This is merely a statement about the function $Q$: how it is defined is merely a distraction, except insofar as the assumed second order differentiability of $q$ with respect to its second argument ($\theta$) assures the second order differentiability of $Q$.


Finding M-estimators can be tricky. Consider these data provided by @mpiktas:

{1.168042, 0.3998378}, {1.807516, 0.5939584}, {1.384942, 3.6700205}, {1.327734, -3.3390724}, {1.602101, 4.1317608}, {1.604394, -1.9045958}, {1.124633, -3.0865249}, {1.294601, -1.8331763},{1.577610, 1.0865977}, { 1.630979, 0.7869717}

The R procedure to find the M-estimator with $q((x,y),\theta)=(y-c_1x^{c_2})^4$ produced the solution $(c_1, c_2)$ = $(-114.91316, -32.54386)$. The value of the objective function (the average of the $q$'s) at this point equals 62.3542. Here is a plot of the fit:

Fit 1

Here is a plot of the (log) objective function in a neighborhood of this fit:

Objective 1

Something is fishy here: the parameters of the fit are extremely far from the parameters used to simulate the data (near $(0.3, 0.2)$) and we do not seem to be at a minimum: we are in an extremely shallow valley that is sloping towards larger values of both parameters:

Objective 1, 3D view

The negative determinant of the Hessian at this point confirms that this is not a local minimum! Nevertheless, when you look at the z-axis labels, you can see that this function is flat to five-digit precision within the entire region, because it equals a constant 4.1329 (the logarithm of 62.354). This probably led the R function minimizer (with its default tolerances) to conclude it was near a minimum.

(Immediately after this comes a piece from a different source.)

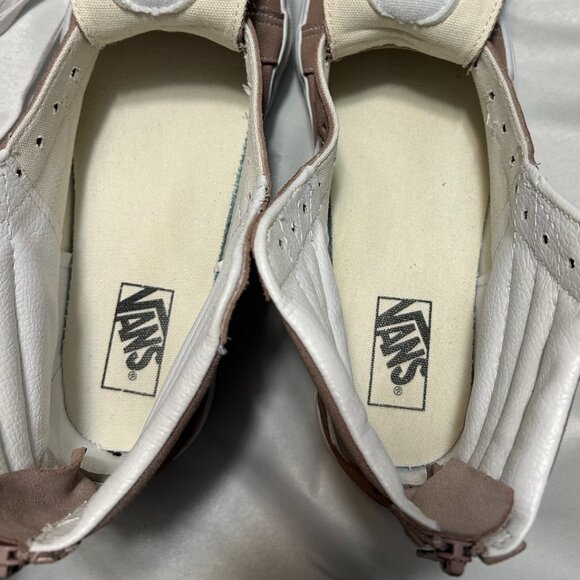 Vans Sk8-Hi Light Brown Zip Sneakers Men's 8/Women's 9.5 - Picture 10 of 12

In fact, the solution is far from this point. To be sure of finding it, I employed the computationally expensive but highly effective "Principal Axis" method in Mathematica, using 50-digit precision (base 10) to avoid possible numerical problems. It finds a minimum near $(c_1, c_2) = (0.02506, 7.55973)$ where the objective function has the value 58.292655: about 6% smaller than the "minimum" found by R. This minimum occurs in an extremely flat-looking section, but I can make it look (just barely) like a true minimum, with elliptical contours, by exaggerating the $c_2$ direction in the plot:

Objective 2

The contours range from 58.29266 in the middle all the way up to 58.29284 in the corners(!). Here's the 3D view (again of the log objective):

Objective 2, 3D view

Here the Hessian is positive-definite: its eigenvalues are 55062.02 and 0.430978. Thus this point is a local minimum (and likely a global minimum). Here is the fit it corresponds to:

Fit 2

I think it's better than the other one. The parameter values are certainly more realistic and it's clear we're not going to be able to do much better with this family of curves.

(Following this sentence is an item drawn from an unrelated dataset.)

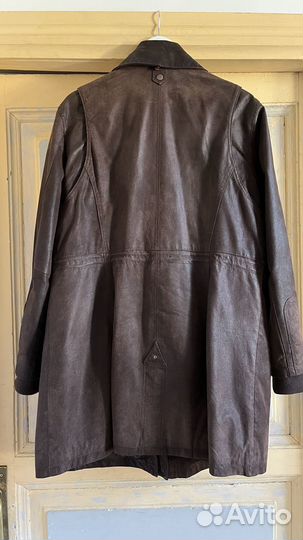 Винтажная куртка из натуральной кожи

There are useful lessons we can draw from this example:

  1. Numerical optimization can be difficult, especially with nonlinear fitting and non-quadratic loss functions. Therefore:
  2. Double-check results in as many ways as possible, including:
  3. Graph the objective function whenever you can.
  4. When numerical results appear to violate mathematical theorems, be extremely suspicious.
  5. When statistical results are surprising--such as the surprising parameter values returned by the R code--be extra suspicious.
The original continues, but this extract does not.